Reinforcement Learning

Learning with a Critic

In supervised learning we have assumed that there is a target output value for each input value. However, in many situations, there is less detailed information available. In extreme situations, there is only a single bit of information after a long sequence of inputs telling whether the output is right or wrong. Reinforcement learning is one method developed to deal with such situations.

Reinforcement learning (RL) is a kind of supervised learning in that some feedback from the environment is given. However the feedback signal is only evaluative, not instructive. Reinforcement learning is often called learning with a critic as opposed to learning with a teacher.

Learning from Interaction

Humans learn by interacting with the environment. When a baby plays, it waves its arms around, touches things, tastes things, etc. There is no explicit teacher but there is a sensori-motor connection to its environment. Such a connection provides information about cause and effect, the consequence of actions, and what to do to achieve goals.

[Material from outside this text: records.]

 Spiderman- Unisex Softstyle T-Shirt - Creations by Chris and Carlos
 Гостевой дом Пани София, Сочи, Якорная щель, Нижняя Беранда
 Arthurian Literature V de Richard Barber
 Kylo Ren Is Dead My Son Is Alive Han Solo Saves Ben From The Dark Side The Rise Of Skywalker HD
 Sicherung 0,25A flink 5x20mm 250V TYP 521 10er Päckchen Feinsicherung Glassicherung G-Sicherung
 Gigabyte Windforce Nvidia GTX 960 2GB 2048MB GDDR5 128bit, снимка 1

Learning from interaction with our environment is a fundamental idea underlying most theories of learning.

RL has rich roots in the psychology of animal learning, from where it gets its name.

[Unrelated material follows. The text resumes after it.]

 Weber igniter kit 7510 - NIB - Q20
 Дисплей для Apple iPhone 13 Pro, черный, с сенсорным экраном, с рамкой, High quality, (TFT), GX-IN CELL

The growing interest in RL comes in part from the desire to build intelligent systems that must operate in dynamically changing real- world environments. Robotics is the common example.

Environment

In RL, it is common to think explicitly of a network functioning in an environment. The environment supplies inputs to the network, receives output, and then provides a reinforcement signal.

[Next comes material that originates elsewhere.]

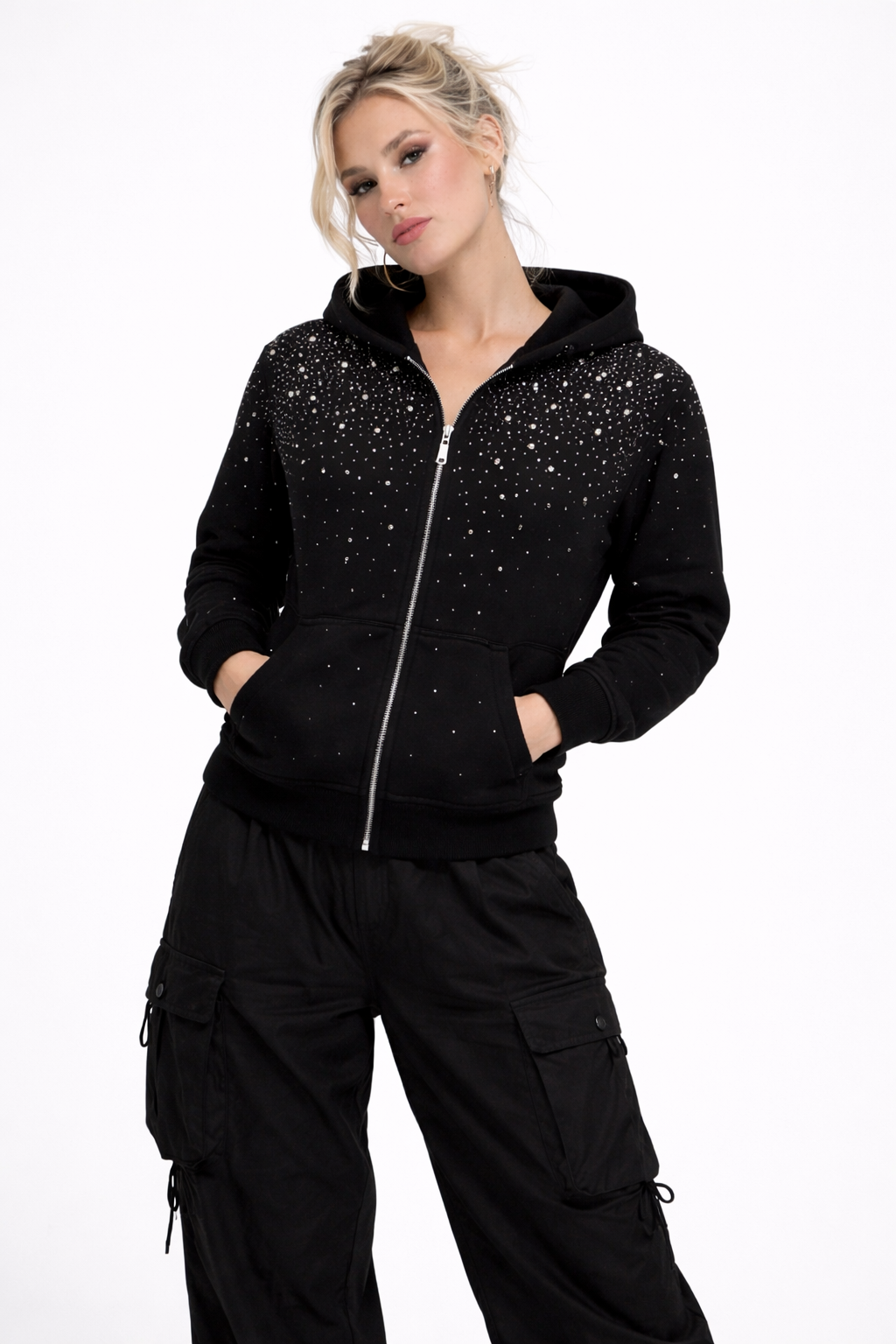 Sudadera Galaxy Black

In the most general case, the environment may itself be governed by a complicated dynamical process. Both reinforcement signals and input patterns may depend arbitrarily on the past history of the networks's output.

The classic problem is in game theory, where the "environment" is actually another player or players.

Temporal Credit Assignment Problem

A network designed to play chess would receive a reinforcement signal (win or lose) after a long sequence of moves. The question that arises is: How do we assign credit or blame individually to each move in a sequence that leads to an eventual victory or loss?

This is called the temporal credit assignment problem in contrast with the structural credit problem where we must attribute network error to different weights.

Learning and Planning

So far in this course we have not discussed the issue of planning. The networks we have seen are simply learning a direct relationship between an input and an output. RL is our first look at networks that in some sense decide a course of action by considering possible future actions before they are actually experienced.

Related Work

RL is closely related to

Exploration vs Exploitation

RL is learning what to do - how to map situations to actions - so as to maximize a scalar reward signal.